Foi com muito prazer que recebi o convite de Sua Excelência o Presidente da Assembleia Nacional para presidir à abertura deste importante Fórum na Casa da Democracia cabo-verdiana.

Queria, em primeiro lugar, saudar, efusivamente, os ilustres participantes, especialmente os que vieram de diferentes países, para, na nossa capital, se dedicarem a uma importante jornada de reflexão e de construção de ferramentas que lhes permitam enfrentar, da melhor forma possível, desafios ingentes que angustiam os nossos povos, para os quais, juntos, seguramente, encontraremos as melhores soluções, como o deixa antever o sugestivo lema – “Promovendo a renovação e inclusão democrática, salvaguardando os direitos humanos e protegendo os oceanos”.

Ilustres convidados,
Minhas Senhoras e meus Senhores,

A minha participação neste importante evento, muito mais do que cumprir um ritual protocolar, pretende ter o significado da ampliação do grito, muitas vezes inquietantemente silencioso, que deve ecoar por todo o planeta.

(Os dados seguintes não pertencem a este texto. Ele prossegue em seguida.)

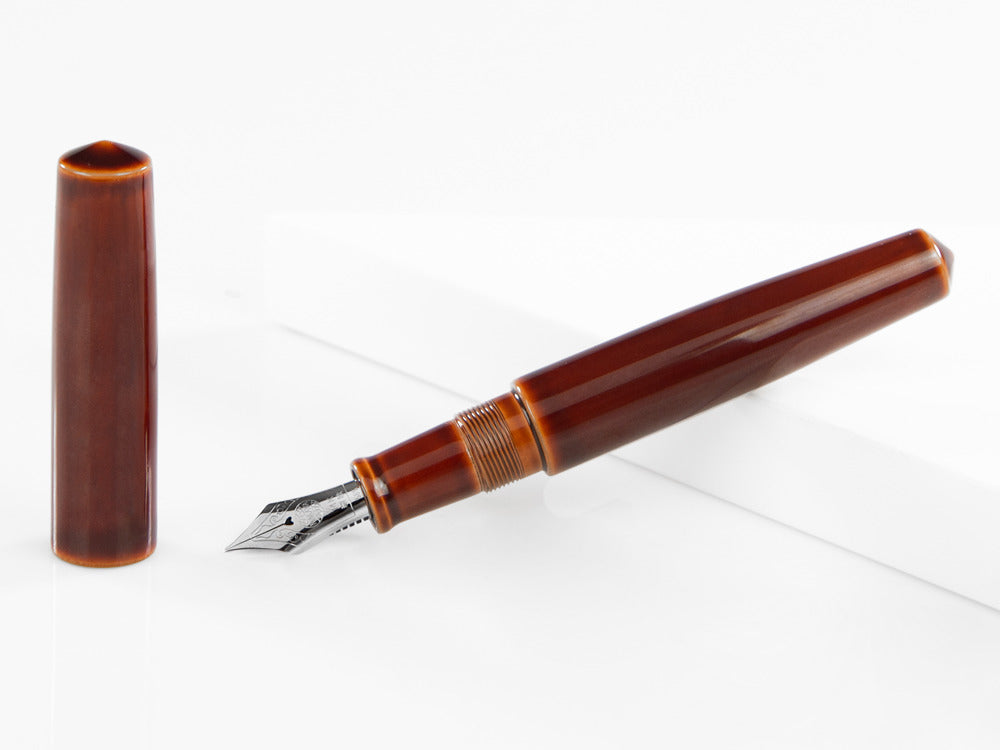 Nakaya Cigar Füllfederhalter Piccolo, Toki-Tamenuri, Ebonite, Rhodium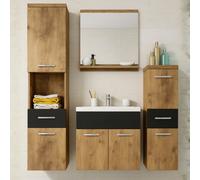 Alba Bathroom Furniture Set With Dolomite Washbasin Castanien Breslau With Black Graphite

A crise, que não tem de ser necessariamente negativa, é global, não apenas no sentido em que abarca a totalidade do globo, mas porque o afecta em diversas dimensões: Física e ambiental- que coloca em risco a sobrevivência das pessoas e outros seres vivos; Demográfica – a partir dos desequilíbrios resultantes da tensão entre a população e meios de subsistência, e dos que decorrem de grandes movimentos migratórios; Política – com a redefinição do papel dos Estados e as interrogações sobre a sua organização, os conflitos armados, a existência de muitos Estados incapazes de assumirem os papéis que, tradicionalmente, lhes são atribuídos, a marginalização de importantes contingentes humanos por razões económicas culturais ou religiosas; Ética – valores que vinham sendo considerados essenciais para a convivência entre as pessoas, conquistas civilizacionais são postos em causa e muitas vezes seus contrários defendidos e até erigidos em políticas de Estado.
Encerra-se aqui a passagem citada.